Sería un error creer que lo suyo surgía únicamente de su nostalgia del pasado. No renegaba de este sentimiento, podía incluso ensalzarlo, pero luego venía otra crónica y el enfoque era completamente distinto. Le interesaba también la indiferencia, cuando la atacaba. Todo era acción, que podía ser descarnada como en la novela El Roto, o bien romántica como sucede en Criollos en París. Sencillamente no se detenía nunca al escribir. Esta obsesión se la tomaba con humor, rabiaba contra las erratas y después se reía de ellas. Eran su diversión. Y en paralelo, incansablemente, recomponía su novela Valparaíso. De las varias versiones que publicó, el título que despierta más reminiscencias es En el Viejo Almendral. Es su vida contada con detalle, pero dejando un amplio margen a la ficción. El final es particularmente emocionante, ya que revela su anhelo de un retiro pacífico de aquel mundo “ancho y oscuro” que salió a buscar fuera de Valparaíso, impulsado por una lacónica pasión, cuya consecuencia inevitable fue el regreso a su origen provinciano.

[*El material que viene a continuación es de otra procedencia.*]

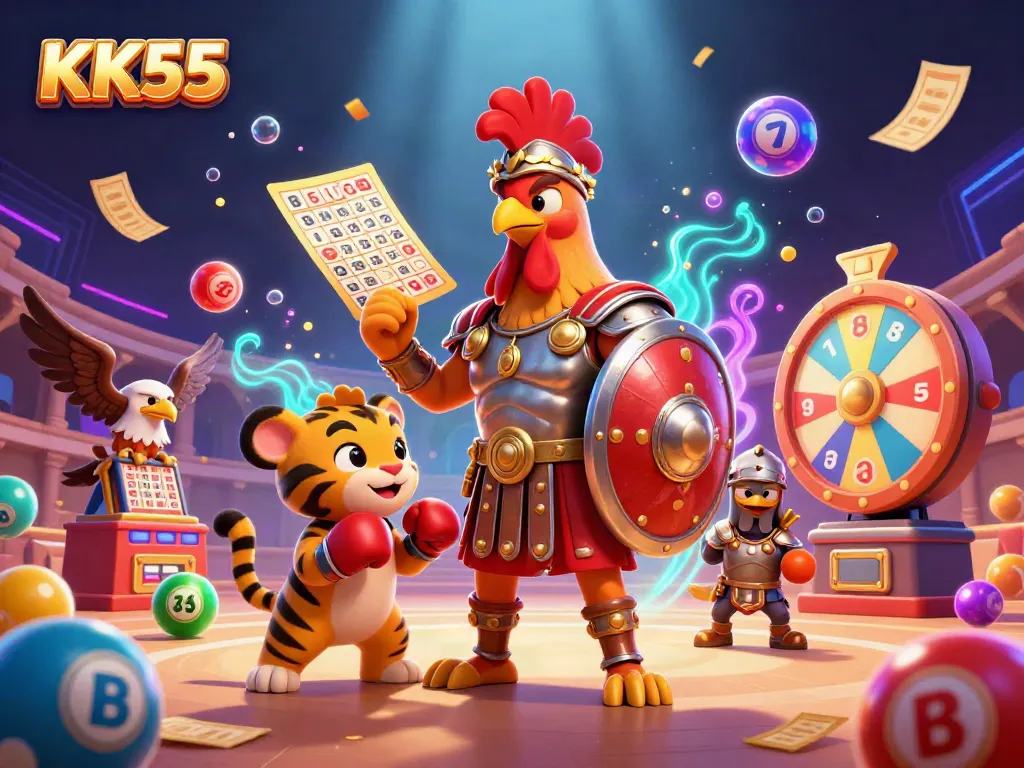 Engage with KK55, featuring lively 3D characters in a vibrant casino scene.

Por un momento imaginemos que Santiago no es Chile, ahora lo es Valparaíso. Dividido entre los pobres y los turistas, los intereses políticos y mercantiles que representa son menores. Por sus calles vemos la memoria y la identidad al alcance de la mano de un resucitado Edwards Bello y de sus nuevos lectores. Por arte de magia, los límites de la urbe se difuminan en todas direcciones, traspasando el marco del país para reencontrarse con su destino latinoamericano. Es una épica en sordina, que asume sin complejos el mestizaje. La ciudad ya no es un museo, se ha convertido en el cuerpo de un autor sincero, y por lo mismo contradictorio, quien dejó su impronta en la literatura chilena al crear una ciudad abierta a la recreación que cualquiera desee hacer de ella. No se puede pedir más libertad a las letras, ni un símbolo más generoso que el Valparaíso de Joaquín Edwards Bello.